When I was little I spent hours putting together "books" illustrating pictures to go along with the words I wrote. Usually they were things like, "I love my mom. I love my dad. I have one sister. I like purple." Riveting, earth shattering writing.... I was changing the world, you know. ;)
I don't remember writing in high school much. I wrote my required papers and schoolwork, but I didn't spend any extra time writing creatively. I spent a lot of my creative time playing music in the band.
When I went to college, my writing changed. I was a biology major, and I started writing scientifically. Writing was a way for me to communicate my findings of the studies I was doing... facts, hypotheses, experiment, findings, analysis, and conclusions.

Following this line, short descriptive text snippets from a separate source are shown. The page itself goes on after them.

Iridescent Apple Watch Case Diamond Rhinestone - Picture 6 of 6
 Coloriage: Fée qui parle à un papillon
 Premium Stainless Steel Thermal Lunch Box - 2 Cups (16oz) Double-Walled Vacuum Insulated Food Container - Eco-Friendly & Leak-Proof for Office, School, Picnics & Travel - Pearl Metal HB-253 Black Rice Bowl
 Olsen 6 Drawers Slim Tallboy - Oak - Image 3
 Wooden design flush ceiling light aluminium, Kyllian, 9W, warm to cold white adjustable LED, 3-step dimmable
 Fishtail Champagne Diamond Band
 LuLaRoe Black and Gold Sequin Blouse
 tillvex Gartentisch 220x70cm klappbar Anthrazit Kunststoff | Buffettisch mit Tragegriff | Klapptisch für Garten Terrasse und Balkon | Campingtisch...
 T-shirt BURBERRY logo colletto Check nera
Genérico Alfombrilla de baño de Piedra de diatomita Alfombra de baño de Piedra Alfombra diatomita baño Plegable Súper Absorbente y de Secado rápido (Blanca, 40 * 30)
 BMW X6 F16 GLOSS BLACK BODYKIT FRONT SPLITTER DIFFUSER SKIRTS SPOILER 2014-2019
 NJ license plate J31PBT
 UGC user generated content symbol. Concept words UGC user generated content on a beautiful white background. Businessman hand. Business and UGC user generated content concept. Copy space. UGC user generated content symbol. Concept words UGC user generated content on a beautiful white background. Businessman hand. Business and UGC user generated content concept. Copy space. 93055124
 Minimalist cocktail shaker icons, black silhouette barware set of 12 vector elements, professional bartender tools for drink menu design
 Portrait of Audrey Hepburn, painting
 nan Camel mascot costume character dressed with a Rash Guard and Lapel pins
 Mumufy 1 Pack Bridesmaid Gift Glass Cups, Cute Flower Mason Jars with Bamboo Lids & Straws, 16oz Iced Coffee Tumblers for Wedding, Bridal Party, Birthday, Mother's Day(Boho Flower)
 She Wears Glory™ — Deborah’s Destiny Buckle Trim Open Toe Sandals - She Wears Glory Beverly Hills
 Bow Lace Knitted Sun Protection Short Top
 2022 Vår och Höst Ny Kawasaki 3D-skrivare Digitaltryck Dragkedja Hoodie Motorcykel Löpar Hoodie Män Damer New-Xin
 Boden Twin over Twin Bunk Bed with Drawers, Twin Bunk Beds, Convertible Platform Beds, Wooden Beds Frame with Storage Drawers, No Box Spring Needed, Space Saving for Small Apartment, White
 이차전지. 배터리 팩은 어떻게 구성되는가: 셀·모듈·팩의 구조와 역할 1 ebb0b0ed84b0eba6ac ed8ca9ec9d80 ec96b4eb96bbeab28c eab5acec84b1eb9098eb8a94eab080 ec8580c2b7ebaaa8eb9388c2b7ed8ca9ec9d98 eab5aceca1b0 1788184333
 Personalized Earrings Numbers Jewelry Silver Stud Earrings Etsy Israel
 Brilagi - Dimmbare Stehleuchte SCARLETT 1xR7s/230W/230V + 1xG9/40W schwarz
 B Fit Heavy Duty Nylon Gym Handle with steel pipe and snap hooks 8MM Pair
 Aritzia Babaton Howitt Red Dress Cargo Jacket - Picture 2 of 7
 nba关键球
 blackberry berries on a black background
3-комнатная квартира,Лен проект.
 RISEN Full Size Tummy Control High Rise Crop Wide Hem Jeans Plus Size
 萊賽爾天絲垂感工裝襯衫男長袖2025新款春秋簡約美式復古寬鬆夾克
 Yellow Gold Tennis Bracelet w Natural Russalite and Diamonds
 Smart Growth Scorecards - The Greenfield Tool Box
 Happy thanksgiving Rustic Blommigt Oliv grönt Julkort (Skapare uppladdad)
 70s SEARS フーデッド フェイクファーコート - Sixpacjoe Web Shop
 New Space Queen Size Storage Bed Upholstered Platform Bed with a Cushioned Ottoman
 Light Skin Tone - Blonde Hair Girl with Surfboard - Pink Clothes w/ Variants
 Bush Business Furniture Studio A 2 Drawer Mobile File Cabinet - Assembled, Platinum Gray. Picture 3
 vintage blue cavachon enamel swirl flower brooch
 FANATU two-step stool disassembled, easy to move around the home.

I do remember spending hours in the cell biology lab peering into a microscope drawing cell membranes, nuclei, and mitochondria, with intense detail and shading, creating a work of art to turn in at the end of the week. In the moment, I didn't realize where this was leading me.
I took a creative writing class at Luther as a requirement. It was the class that all the bio majors took, maybe a fluffed up version of a "writing class" just to help us science kids pass an "artsy" class. That class was hard. Fictional writing is not my thing. I struggled to create or make up things that weren't real or hadn't happened. I also struggled to understand how the professor can grade fictional writing. I didn't get that great of a grade, and I was discouraged. I thought I was no good at writing.
In graduate school, I wrote a thesis, the topic: lifestyle balance. It was scientific writing, facts, and I thoroughly enjoyed the process of putting together my research and findings. Before I graduated, my advisor called me into her office. She complimented my writing, and told me I had a talent. She was hoping I would continue my education, and maybe even go on to teach in the academic setting. I was honored, and excited, because I thought this was maybe something I wanted to do, but wasn't sure I was good enough. The encouragement was just what I needed to hear.
After grad school, I started working full time. I stopped writing. I also wasn't creating as much as I would have liked, and I kind of lost myself for awhile.
Over the years, I have loved to take pictures, make gifts like wine charms, and have always loved to create meals in the kitchen.
I didn't realize all of these things are ways I have found to express my creativity.
I started blogging 3 years ago. I was shy, nervous, and scared what people might think of my writing.
Now 3 years later, I feel like I'm writing what comes to me. I am listening to what's inside, and less of what's outside. This blog is how I create. I take pictures, I write what's on my mind, and I spend time editing, tweaking, and changing until I feel like its just right.
My creativity is a huge piece of me. In fact, I would say it is me. It's who I am. And something I can't deny. And something I'm so thankful I am able to do freely, openly, and they way it works for me.